Важность, значительность последствий наших поступков нам не дано знать. Доброе слово, сказанное пьяному нищему, может произвести более важные и добрые последствия, чем самое прекрасное сочинение, верно излагающее законы жизни (10.3.1909 // <там же>).
Слово пьяному нищему или всему человечеству различаются пространством, в котором оно раздается. Громкость слова не может быть нашей первой заботой. Решающее происходит в первом невидимом непространственном движении ума. Тут собирается всё усилие, и тут же достигается всё достижение. «Всё в табе» (крестьянский философ Василий Кириллович Сютаев). Здесь до всякого слова победа или поражение. Появляется ли потом слово или нет, говорится оно глухому или миллионам интеллектуалов, относится к первому достижению меньше чем качество взятой бумаги к качеству записанной мысли. Достижение может продиктовать собой обращение к миллионам. Цель, обращение к миллионам, поможет собраться силами для достижения. Поиски хорошей бумаги могут и помешать: мысль забудется. Расчет на массовость способен вообще в корне подорвать всякую искреннюю мысль. Все эти соображения ходят вокруг того, что единственно важно и что изменить нельзя: главное решается или оказывается уже решено до развертки в четырех измерениях хронотопа.

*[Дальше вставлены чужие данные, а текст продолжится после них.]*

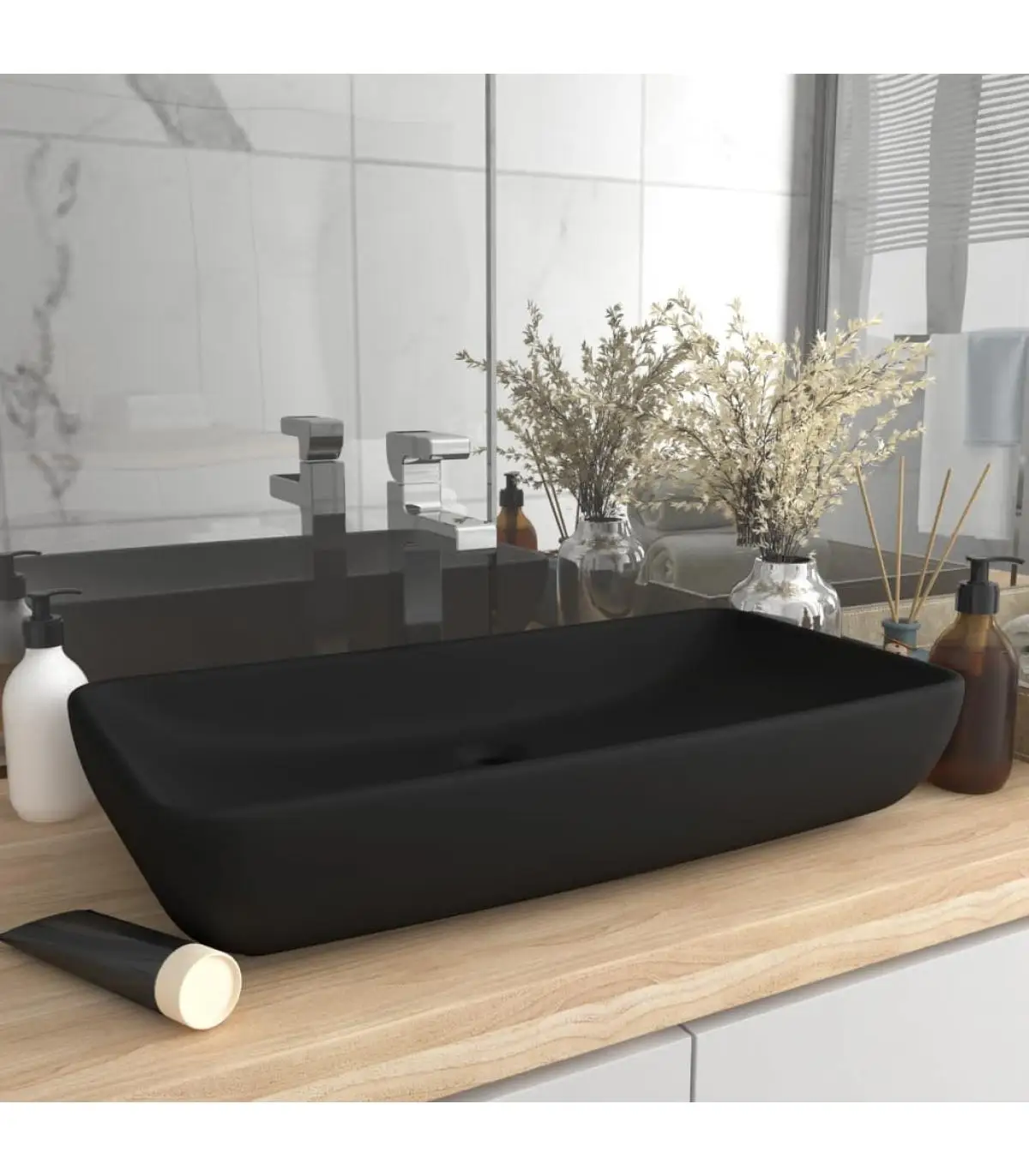 Washbasins Luxury Ceramic rectangular Black Matte 71x38 cm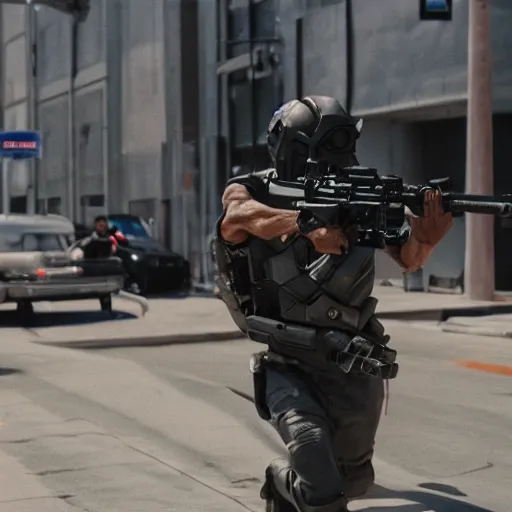 Image similar to film still of 'Los Angeles Future Squad 2050'. Epic action scene. Sigma 85mm f/8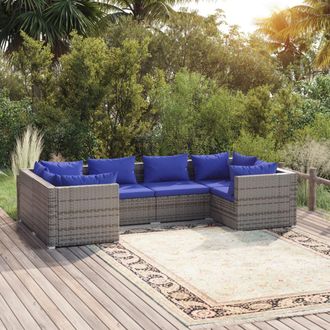 vidaXL Set De Sof&aacute;s De Jard&iacute;n 6 Piezas Y Cojines Rat&aacute;n Sint&eacute;tico Gris Vidaxl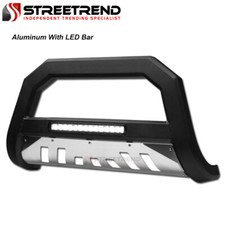 For 1999-2004 Ford F250f350 Matte Blk Avt Aluminum Led Bull Bar Bumper Guard Ss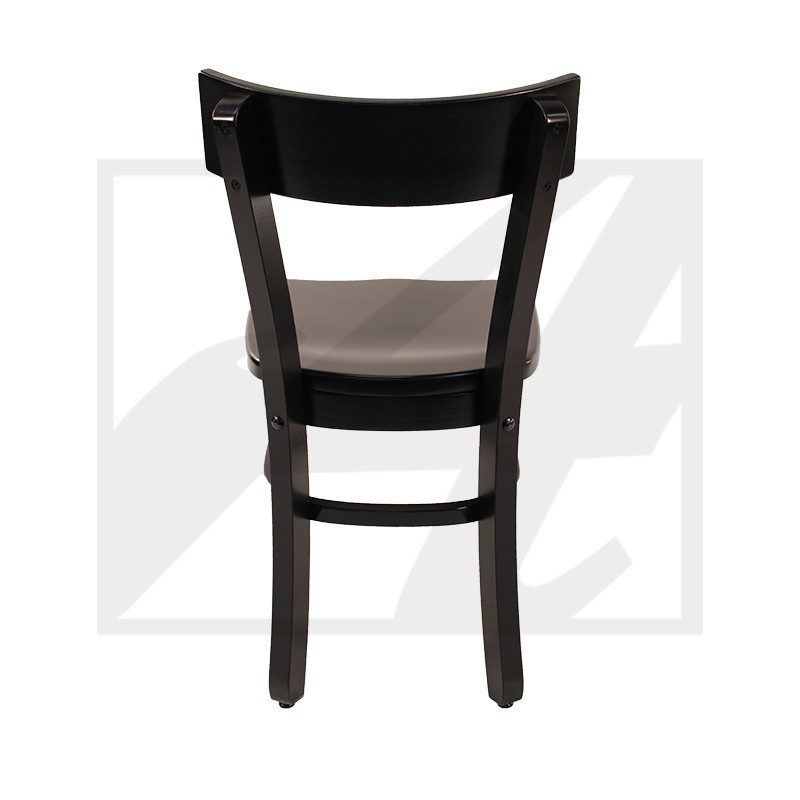 Black wooden chair with a cushioned seat, viewed from the back.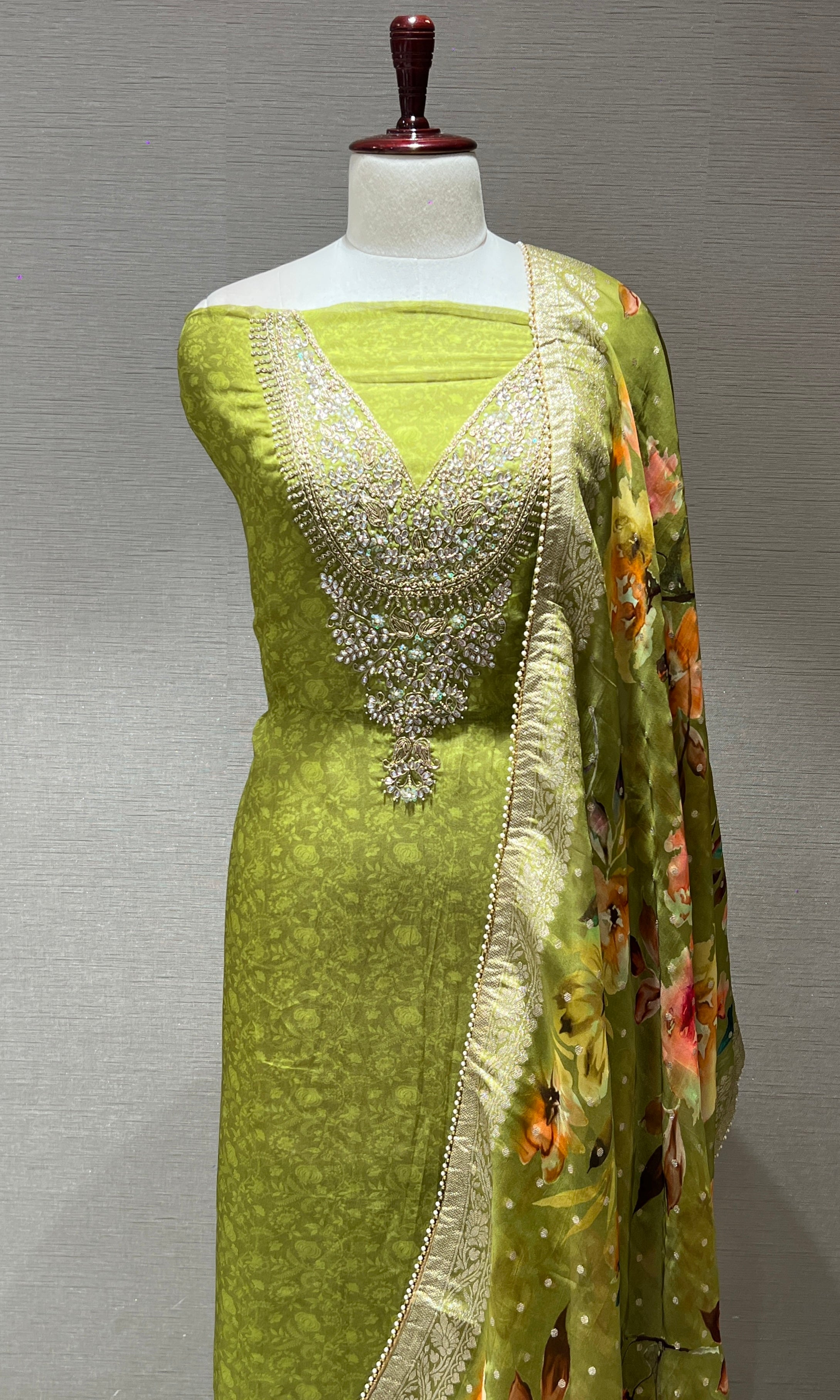 Green dress material
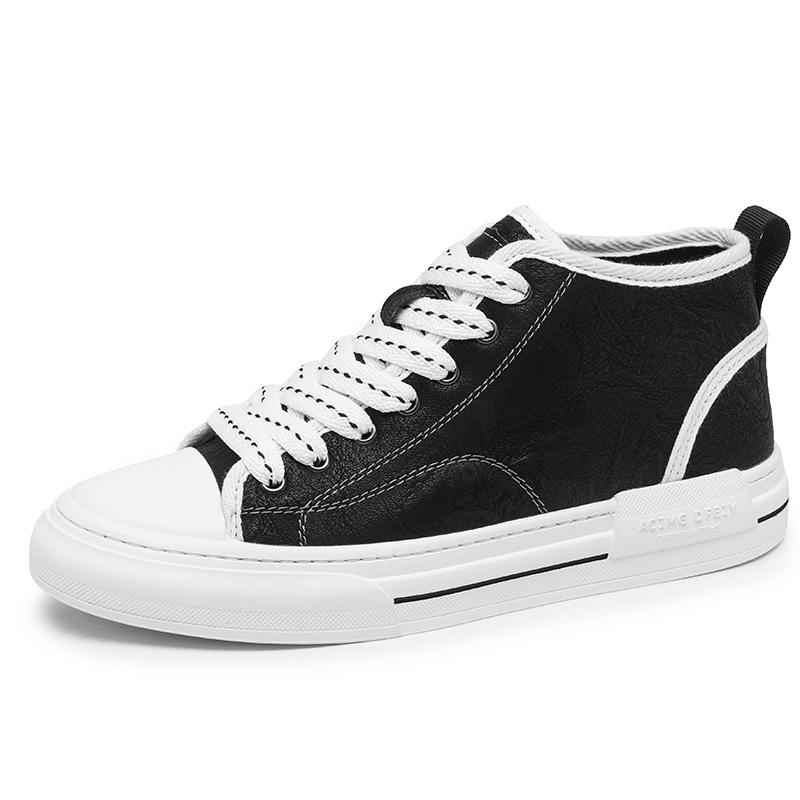 Fashion High Quality Men Casual Leather Shoes Outdoor Flat Designer Sports Shoes High Top Soft Bottom Shoes Brand Comfy Office Work Shoe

Ах, вынуть человека из его родной среды, где совершаются первые движения сердца, так же легко как разбудить. Разбуженный начнет их скрывать и стыдиться как неприличных снов. Это вырывание духа из его почвы происходит постоянно, с размахом, вот уж действительно в масштабах карты и календаря. И как-то мгновенно. Мужик в глубине почвы или носитель неграмотного самоценного ума, или его символ. Но как его легко вырвать из почвы. Может быть легче чем картошку.
Мужик думает своим умом о том, о чем ему нужно думать, интеллигент же думает чужим умом и о том, о чем ему совсем не нужно думать. Но думает мужик так только до тех пор, пока он дома, в своей среде; как только он приобщился интеллигенции, так он думает уже совсем чужим умом и говорит чужими словами (16.3.1909 // <там же>).
Преимуществ интеллигентного состояния много. Одно очень привлекательное то, что тут всё можно, ошибшись или что не понравилось, перетолковать, переписать, отречься. К толстовской дисциплине относится, как мы видели, одноразовость, невозможность ничего изменить. Он работает на том уровне до редакции, которую у него часто отмечают, для того чтобы успеть сказать (что на том уровне первых неуправляемых душевных движений значит и сделать) всё самое существенное (а на том уровне как во сне всё существенно), пока его не разбудили (собственная интеллигентность и внешние интеллигенты) и не втянули в безысходную сферу толкования.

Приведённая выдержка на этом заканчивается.